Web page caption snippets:
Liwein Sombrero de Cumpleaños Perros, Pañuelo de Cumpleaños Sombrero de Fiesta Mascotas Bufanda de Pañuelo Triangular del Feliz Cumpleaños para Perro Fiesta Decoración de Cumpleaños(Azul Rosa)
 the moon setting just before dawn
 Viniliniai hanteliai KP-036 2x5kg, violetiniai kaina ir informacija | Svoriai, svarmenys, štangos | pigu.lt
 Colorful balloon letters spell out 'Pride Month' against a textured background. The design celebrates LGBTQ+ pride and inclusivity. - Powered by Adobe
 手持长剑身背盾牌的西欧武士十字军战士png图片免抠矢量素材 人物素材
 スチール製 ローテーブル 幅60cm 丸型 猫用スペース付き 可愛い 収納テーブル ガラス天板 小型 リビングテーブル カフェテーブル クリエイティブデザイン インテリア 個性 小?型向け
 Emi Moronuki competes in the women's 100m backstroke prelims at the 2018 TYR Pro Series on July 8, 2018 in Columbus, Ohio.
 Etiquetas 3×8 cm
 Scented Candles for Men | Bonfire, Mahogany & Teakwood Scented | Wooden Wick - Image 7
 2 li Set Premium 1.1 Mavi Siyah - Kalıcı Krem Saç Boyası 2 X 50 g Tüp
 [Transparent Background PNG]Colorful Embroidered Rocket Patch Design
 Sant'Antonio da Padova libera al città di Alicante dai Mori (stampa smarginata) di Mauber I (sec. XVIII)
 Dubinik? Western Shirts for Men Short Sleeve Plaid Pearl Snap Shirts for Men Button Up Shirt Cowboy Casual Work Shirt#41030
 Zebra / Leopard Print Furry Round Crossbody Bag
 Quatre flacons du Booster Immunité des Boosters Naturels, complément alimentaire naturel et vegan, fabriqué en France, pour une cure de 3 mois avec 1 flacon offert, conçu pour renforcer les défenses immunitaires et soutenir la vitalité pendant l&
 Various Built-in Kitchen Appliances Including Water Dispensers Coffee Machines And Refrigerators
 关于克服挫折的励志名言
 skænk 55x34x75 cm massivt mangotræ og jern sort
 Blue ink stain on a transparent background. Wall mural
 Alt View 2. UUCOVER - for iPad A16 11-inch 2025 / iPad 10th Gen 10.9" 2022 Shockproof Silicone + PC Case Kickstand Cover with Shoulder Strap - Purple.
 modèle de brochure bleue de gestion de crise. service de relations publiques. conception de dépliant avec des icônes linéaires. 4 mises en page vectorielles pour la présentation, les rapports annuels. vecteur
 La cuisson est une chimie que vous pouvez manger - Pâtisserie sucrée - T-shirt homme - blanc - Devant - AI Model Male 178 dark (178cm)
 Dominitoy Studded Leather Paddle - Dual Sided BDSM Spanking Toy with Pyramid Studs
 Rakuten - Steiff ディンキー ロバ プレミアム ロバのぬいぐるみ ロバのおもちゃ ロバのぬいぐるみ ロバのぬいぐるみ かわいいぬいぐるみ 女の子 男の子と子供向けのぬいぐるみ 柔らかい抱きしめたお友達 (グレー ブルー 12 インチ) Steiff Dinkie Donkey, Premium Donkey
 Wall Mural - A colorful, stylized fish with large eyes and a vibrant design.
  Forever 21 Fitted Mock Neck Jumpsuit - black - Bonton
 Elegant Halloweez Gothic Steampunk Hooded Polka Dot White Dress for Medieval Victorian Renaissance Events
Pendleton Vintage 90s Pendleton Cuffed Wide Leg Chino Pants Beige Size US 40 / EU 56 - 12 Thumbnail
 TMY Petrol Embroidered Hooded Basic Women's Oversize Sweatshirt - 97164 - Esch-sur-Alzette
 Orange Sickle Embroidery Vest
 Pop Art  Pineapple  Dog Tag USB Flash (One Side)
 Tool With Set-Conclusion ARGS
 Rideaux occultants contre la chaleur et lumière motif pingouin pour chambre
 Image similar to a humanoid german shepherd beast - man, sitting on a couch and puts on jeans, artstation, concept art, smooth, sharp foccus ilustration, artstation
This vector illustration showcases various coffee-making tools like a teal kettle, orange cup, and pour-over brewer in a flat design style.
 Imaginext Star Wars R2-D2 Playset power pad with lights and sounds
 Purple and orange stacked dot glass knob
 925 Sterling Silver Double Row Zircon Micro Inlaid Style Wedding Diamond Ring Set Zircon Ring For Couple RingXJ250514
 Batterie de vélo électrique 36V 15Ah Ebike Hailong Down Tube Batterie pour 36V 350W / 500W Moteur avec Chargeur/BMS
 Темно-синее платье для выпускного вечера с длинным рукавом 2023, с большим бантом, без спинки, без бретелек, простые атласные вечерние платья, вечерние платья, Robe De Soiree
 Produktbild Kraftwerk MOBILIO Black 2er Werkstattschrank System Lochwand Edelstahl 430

### Instructions to follow
Each line from the one that includes "Image similar to" down to the close of the records above is to be given again exactly, and no other line is to appear.

### Output
 Image similar to a humanoid german shepherd beast - man, sitting on a couch and puts on jeans, artstation, concept art, smooth, sharp foccus ilustration, artstation
This vector illustration showcases various coffee-making tools like a teal kettle, orange cup, and pour-over brewer in a flat design style.
 Imaginext Star Wars R2-D2 Playset power pad with lights and sounds
 Purple and orange stacked dot glass knob
 925 Sterling Silver Double Row Zircon Micro Inlaid Style Wedding Diamond Ring Set Zircon Ring For Couple RingXJ250514
 Batterie de vélo électrique 36V 15Ah Ebike Hailong Down Tube Batterie pour 36V 350W / 500W Moteur avec Chargeur/BMS
 Темно-синее платье для выпускного вечера с длинным рукавом 2023, с большим бантом, без спинки, без бретелек, простые атласные вечерние платья, вечерние платья, Robe De Soiree
 Produktbild Kraftwerk MOBILIO Black 2er Werkstattschrank System Lochwand Edelstahl 430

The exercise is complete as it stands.